Harvard Kennedy School's Russia Matters project says estimates of Russian casualties vary widely, but one late-February 2026 Western assessment put the figure at about 1 million killed or wounded. That means many Russian families will have been personally impacted by the war.
The emotional backlash could come against the Kremlin. But if most Russians blame NATO for the war, it could intensify anti-Western rage instead, fueling an even more aggressive posture from Moscow.
Then there is the economic pain. Interest rates and inflation are painfully high. Russia's reserves are depleted. State resources are funnelled toward sustaining the Ukraine war with men and materiel. Sanctions have bitten hard, growth is weak.
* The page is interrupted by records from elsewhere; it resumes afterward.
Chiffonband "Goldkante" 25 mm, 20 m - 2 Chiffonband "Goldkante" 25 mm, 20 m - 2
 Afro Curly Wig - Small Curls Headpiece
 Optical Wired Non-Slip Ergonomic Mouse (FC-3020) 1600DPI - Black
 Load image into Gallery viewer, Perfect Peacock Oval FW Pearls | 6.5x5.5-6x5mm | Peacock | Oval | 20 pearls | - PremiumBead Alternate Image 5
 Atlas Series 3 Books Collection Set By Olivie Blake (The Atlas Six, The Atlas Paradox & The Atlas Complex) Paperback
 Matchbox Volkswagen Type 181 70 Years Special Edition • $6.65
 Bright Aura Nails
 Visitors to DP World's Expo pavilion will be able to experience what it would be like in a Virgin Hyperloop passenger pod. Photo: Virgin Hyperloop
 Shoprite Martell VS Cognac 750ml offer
The lesson from history is that authoritarian societies with nationalist tendencies and bad economies often turn to hateful violence.
Demobilization would add another combustible variable: The Institute for the Study of War (ISW) has argued that the Kremlin likely sees alienated veterans as a threat to regime stability.
A separate report by Global Initiative says returning veterans of the Ukraine war, including convicted criminals, are already feeding violence, organized crime, and pressure on Russia's police and social services.
A postwar Russia would not merely be bringing soldiers home; it would be importing into civilian life hundreds of thousands of men trained, traumatized, and wounded by a brutal war, only for them to become embittered by a poorer and ungrateful peace.
A state under that mix of military pressure, elite suspicion, rampant crime, and economic strife may become less predictable, but no less aggressive. Putin would struggle to contain these forces. Now imagine a contested leader or a factional war at the top instead. It is a recipe for chaos with spillover that would ripple out across Europe.
One Solution, a Dozen Problems
The West already knows Putin's methods well, even if it has been sluggish in meeting the threat they pose. It has dealt with him since the turn of the millennium and understands that Putin respects only hard power-it is how he believes the world really works-not weakness or meekness.
European NATO allies may have been slow to calibrate their response to Putin's threat, but they are working on it, through rearmament and other forms of deterrence. Increasingly, Russian sabotage and espionage come at a higher cost for Moscow.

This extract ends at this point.